I didn’t intend to write about our use of GW translation after one week. But a comment triggered something that is pertinent to all translation choices.
Someone commented that some people like to read along with the text in their own Bibles. In this case, the use of GW was jarring to that practice. The person admitted that GW is by far the best oral translation available. But when reading in her own Bible, it was distracting because the phrasing is so different (not wrong, just different).
This got me to thinking about the different uses of Bibles in worship; there is nothing inherently wrong, but just a difference.
Teaching Focus: In general Reformed/Protestant worship, the emphasis is on teaching, not on Bible readings. Sermons tend to be essentially a teaching ministry. Hence each person having a bible in worship is expected, preferably the same translation as the one.
Preaching Focus: Generally in liturgical worship the emphasis is on Bible readings (usually Old Testament, Epistle, and Gospel, as well as a section of a Psalm). Usually Bibles are not used, but an insert with the day’s readings is given to each worshiper. Sermons focus on proclamation, not teaching.

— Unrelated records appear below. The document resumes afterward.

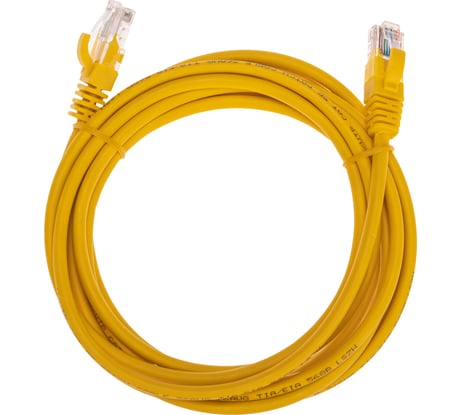 Патч-корд REXANT u/utp, cat 5e, rj45-rj45, 26awg, lszh, желтый, 3м 02-0105-3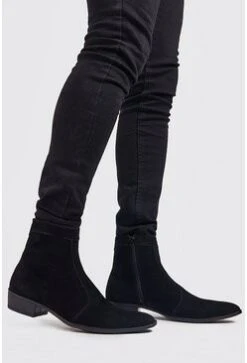 Faux Suede Zip Cuban Chelsea In Black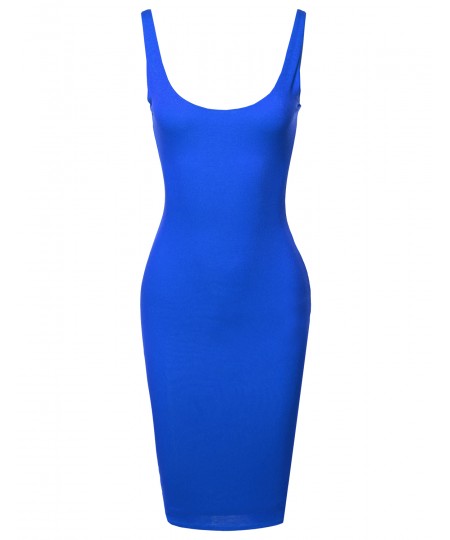 Women's Solid Deep Scoop Neck Sleeveless Body-Con Midi Dress - Made in USA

Interestingly, when we look at translations, there are two groups: 1) liturgical (Roman Catholic, Orthodox) producing translations such as NJB, NABRE, but also approving RSV, and NRSV for use, 2) less formally liturgical (Protestants), with extra church groups producing translations such as NAS, NKJV, NIV, HCSB, NLT. In the second group there is only limited contact with the church bodies, giving more attention to individual scholars.
So where does that leave Lutherans? In this division, Lutherans definitely fall into the liturgical side, but the intrusion of Protestant emphases elsewhere into the church means that it occurs even in translation usage.
Based on the comment from this one person (and many others who have said similar things over the years), and this dichotomy of the use of the Bible in worship, perhaps we need to consider two Bibles: one for worship and one for study, and then what to do with memory work. Obviously there are drawbacks to this. But it seems much more doable within a Lutheran context than in a Protestant one.
Consider this scenario:
Worship Bible: God’s Word (GW) would head this list because it is the best oral translation available. There are some issues that would have to be dealt with: will people accept “God’s approval” as the general translation of δικαιοσουνη rather than “righteousness”? How will long time church members handle the ttransition?
Study/Memory Bible: New American Standard (NAS95) make sense because of the memory work that would provide consistency with those who grew up with the KJV and RSV.
Well, it probably wouldn’t ever work, but it does raise some interesting possibilities.
Okay, back to sermon study and preparation for several Bible studies!!